I've thought about calling the cat Bertrand, but somehow that idea hasn't solidified in my mind. Bertrand [behr-TRÃ] with that final nasal vowel in French, of course. But it seems too formal, too pretentious.
So I'm looking for a bilingual name. I don't have any good candidates at this point. I'm thinking of his black color. French people might like the name Blackie, and it is more or less bilingual these days. What about Charbon? Onyx? Spooky?
We have a pattern going. Or a couple of them. The cat spends the day down in the utility room where the boiler and washing machine are. The door leading from there into the garage is open so that he can explore in there too — and there is quite a bit to explore, since we've stored beds, furniture, rugs, and other things in the garage for the duration of the attic conversion work. The new staircase is in there too. Needless to say, the car is parked outside.

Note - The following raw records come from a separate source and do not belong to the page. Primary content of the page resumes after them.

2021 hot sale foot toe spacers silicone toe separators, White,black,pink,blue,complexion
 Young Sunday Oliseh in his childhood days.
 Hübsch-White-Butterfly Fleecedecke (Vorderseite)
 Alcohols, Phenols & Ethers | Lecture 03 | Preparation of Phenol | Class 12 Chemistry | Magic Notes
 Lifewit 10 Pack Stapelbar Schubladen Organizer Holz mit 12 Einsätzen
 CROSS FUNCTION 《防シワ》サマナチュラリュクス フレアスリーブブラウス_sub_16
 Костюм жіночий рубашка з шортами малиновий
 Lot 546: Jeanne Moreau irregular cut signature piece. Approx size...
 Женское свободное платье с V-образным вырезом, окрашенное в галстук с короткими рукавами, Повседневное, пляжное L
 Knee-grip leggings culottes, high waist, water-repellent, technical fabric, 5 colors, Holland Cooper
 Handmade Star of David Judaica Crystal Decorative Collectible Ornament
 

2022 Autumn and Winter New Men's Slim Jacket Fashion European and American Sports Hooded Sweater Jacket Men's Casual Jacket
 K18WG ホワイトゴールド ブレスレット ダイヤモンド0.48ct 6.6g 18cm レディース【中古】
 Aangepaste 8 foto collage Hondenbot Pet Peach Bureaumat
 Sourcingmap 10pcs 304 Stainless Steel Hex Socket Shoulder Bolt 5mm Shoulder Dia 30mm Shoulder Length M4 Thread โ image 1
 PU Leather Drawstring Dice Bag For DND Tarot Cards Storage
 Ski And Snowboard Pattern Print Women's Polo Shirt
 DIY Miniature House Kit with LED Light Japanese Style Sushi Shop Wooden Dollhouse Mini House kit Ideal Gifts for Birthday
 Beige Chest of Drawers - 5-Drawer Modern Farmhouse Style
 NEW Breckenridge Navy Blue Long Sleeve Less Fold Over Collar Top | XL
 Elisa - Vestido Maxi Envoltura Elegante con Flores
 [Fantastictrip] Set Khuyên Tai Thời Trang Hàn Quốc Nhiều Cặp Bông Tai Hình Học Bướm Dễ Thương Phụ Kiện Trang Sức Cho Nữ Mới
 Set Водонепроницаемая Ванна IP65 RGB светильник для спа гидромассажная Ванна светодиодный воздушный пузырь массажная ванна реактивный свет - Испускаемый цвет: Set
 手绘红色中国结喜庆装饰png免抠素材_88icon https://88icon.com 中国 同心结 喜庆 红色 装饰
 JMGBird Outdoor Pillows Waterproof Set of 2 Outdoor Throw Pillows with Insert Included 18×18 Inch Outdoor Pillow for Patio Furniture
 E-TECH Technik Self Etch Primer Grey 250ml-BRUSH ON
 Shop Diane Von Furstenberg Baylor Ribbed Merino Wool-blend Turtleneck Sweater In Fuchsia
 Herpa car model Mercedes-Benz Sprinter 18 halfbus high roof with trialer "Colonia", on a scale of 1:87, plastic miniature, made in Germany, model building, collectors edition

During the night, or early in the morning, I start hearing the cat meow loudly. Then there are noises that sound like he is knocking things over or jumping up on the door that separates the utility room from the entryway downstairs. I think he is jumping up to grab onto the door handle, trying to open the door. I can't be sure, because I haven't actually seen him do it.
Unfortunately for the cat, that door opens inward, into the utility room, and not outward, into the entryway. So he is unlikely to ever get it open. When we hear all those noises during the night, one of us gets up and goes to get the cat. This morning it didn't happen until about 5:00 a.m., but the night before it was at about 1:30. Then the cat spends a few hours sleeping in the bedroom, until we all get up.
He seems content in the bedroom, with people. He meows a little, but he settles down pretty quickly. Callie is oblivious, as far as we can tell. She sleeps in the living room, and the living room doors are closed. There is little chance of a hissing and barking spat in the wee hours of the morning.
The next step in the integration of the cat into our environment is the big one: we have to let him go outside. And we have to trust that he will come back when he wants food, water, and human company. We have to make sure Callie doesn't chase him away for good. She'll have to stay inside for a while longer.